## EXERCISE INSTRUCTIONS
In the records below, find the line with "Squares Maile Leaf", then retype it and every following line exactly, stopping after the line with "Printable Coloring Father's". Leave the pictures out.

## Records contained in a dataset
_____

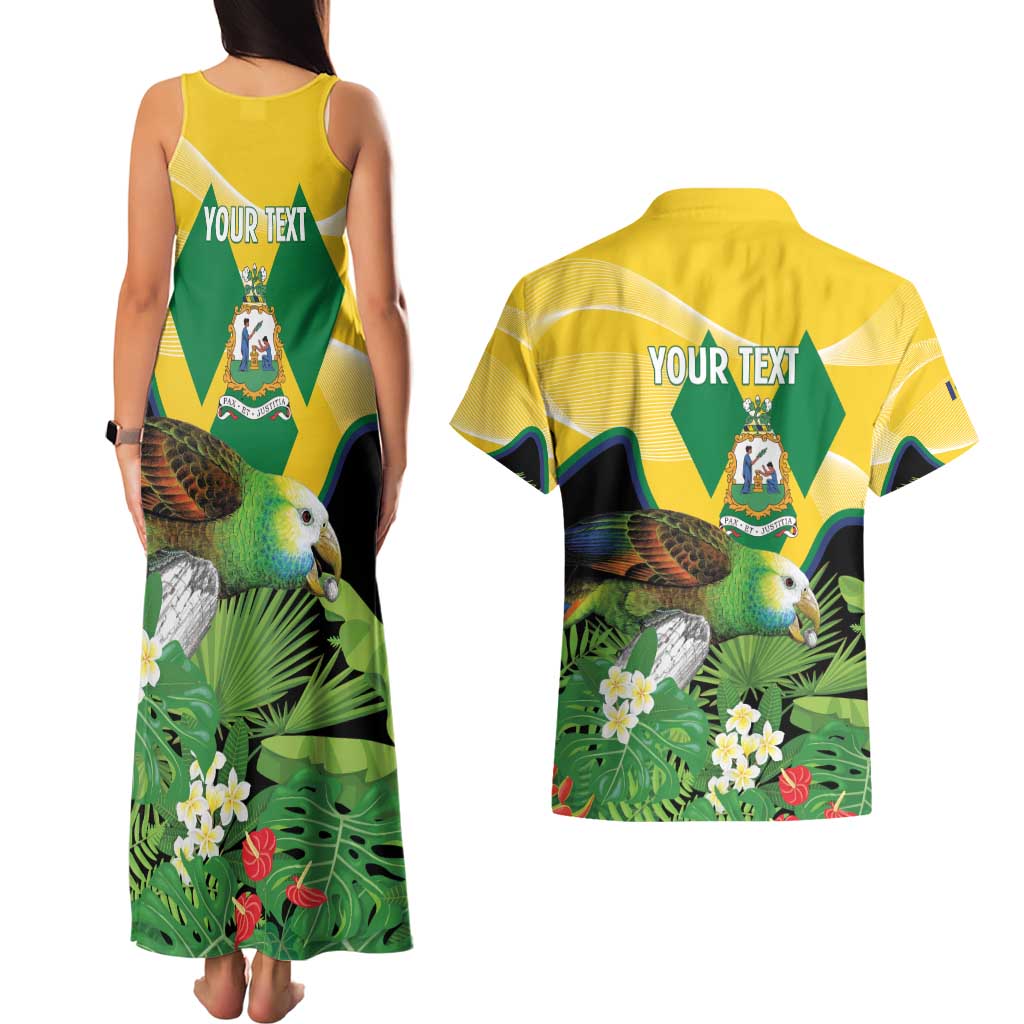 Personalized Saint Vincent and the Grenadines Couples Matching Tank Maxi Dress and Hawaiian Shirt Amazona Guildingii 46 Years Of Independence - Wonder Print Shop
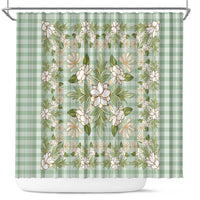 Squares Maile Leaf Shower Curtain Turquoise Palaka Hawaiian Quilt Pattern - Polynesian Pride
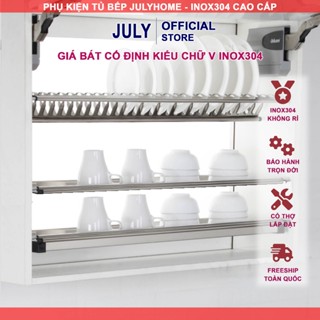 Kệ Chén Tủ Bếp, Giá Bát Cố Định Dạng Chữ V INOX KHÔNG GỈ 304 - Bảo Hành Vĩnh Viễn - Có Thợ Lắp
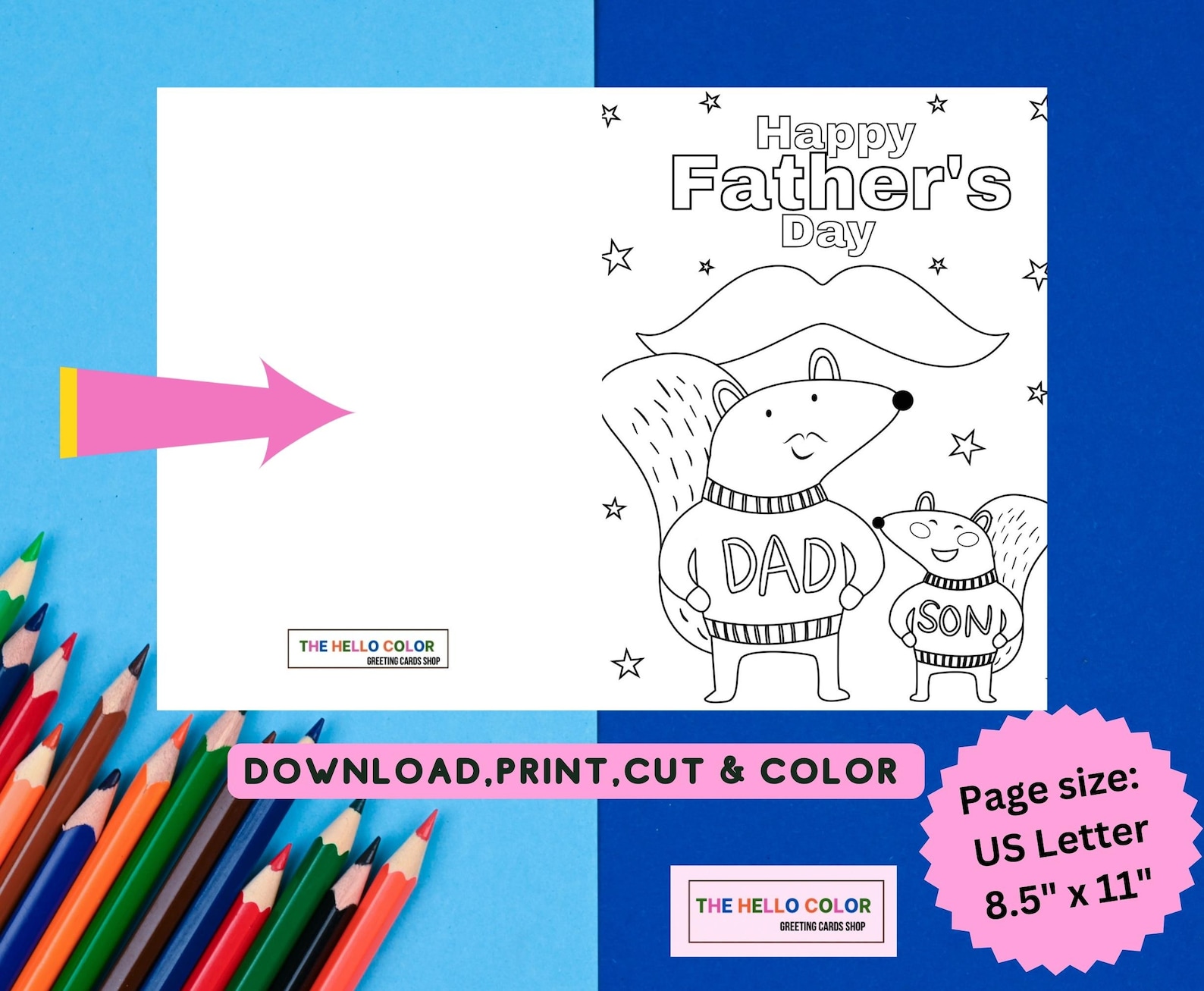 Printable Coloring Father's Day Card, Happy Fathers Day Card,fun ...
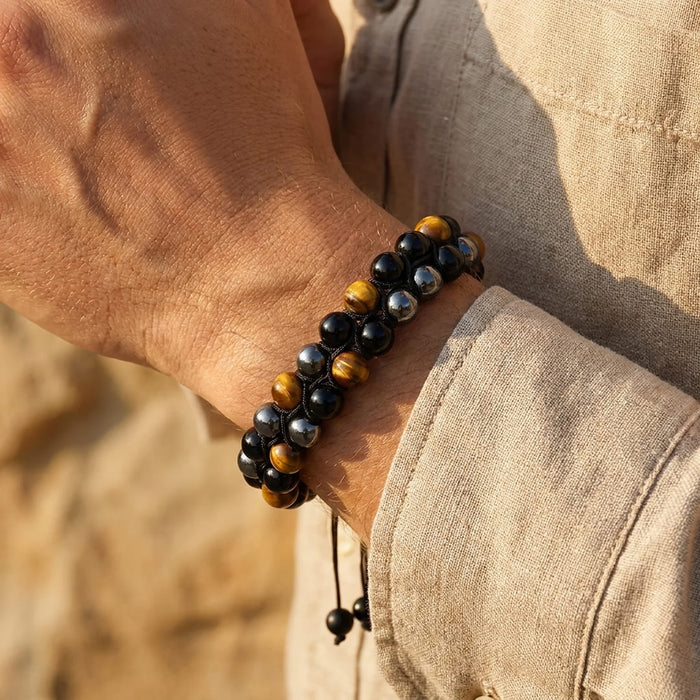"Triple Protection" Braided Bracelet in Hematite, Tiger Eye & Obsidian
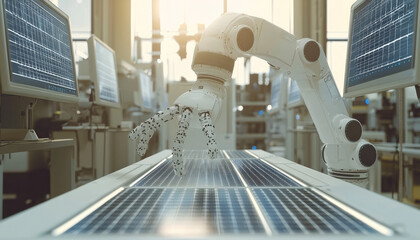 Aufkleber - robotic arm is positioned over table with solar panels, surrounded by computer monitors displaying data in modern industrial setting. scene conveys sense of advanced technology and innovation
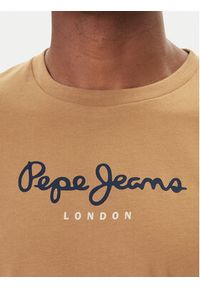 Pepe Jeans T-Shirt Eggo N PM509979 Beżowy Regular Fit. Kolor: beżowy. Materiał: bawełna #5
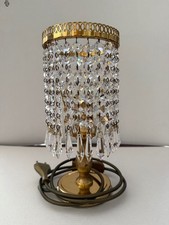 Tischlampe Messing mit Lüsterbehang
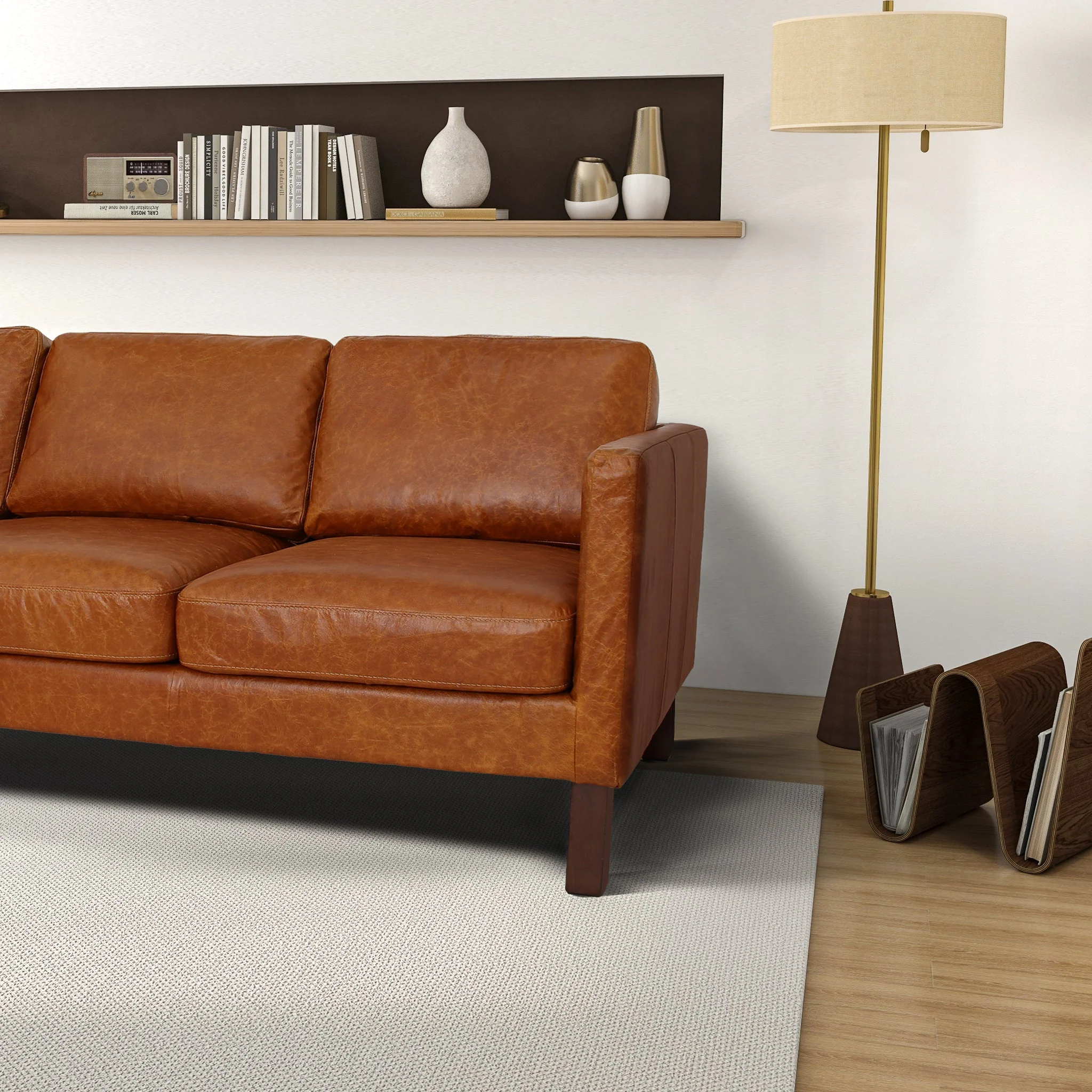 Memphis Waxy Cognac Leather Sofa - Image 4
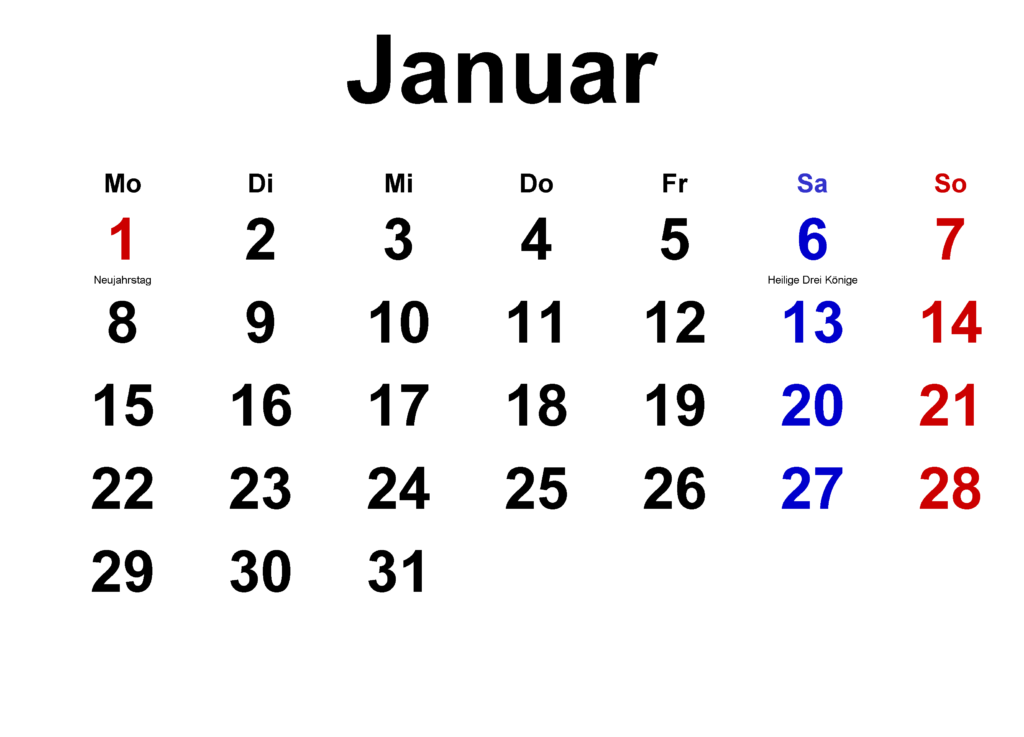 Januar 2024 Kalender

_____

## TASK ANSWER
 Squares Maile Leaf Shower Curtain Turquoise Palaka Hawaiian Quilt Pattern - Polynesian Pride
 Kệ Chén Tủ Bếp, Giá Bát Cố Định Dạng Chữ V INOX KHÔNG GỈ 304 - Bảo Hành Vĩnh Viễn - Có Thợ Lắp
 Printable Coloring Father's Day Card, Happy Fathers Day Card,fun ...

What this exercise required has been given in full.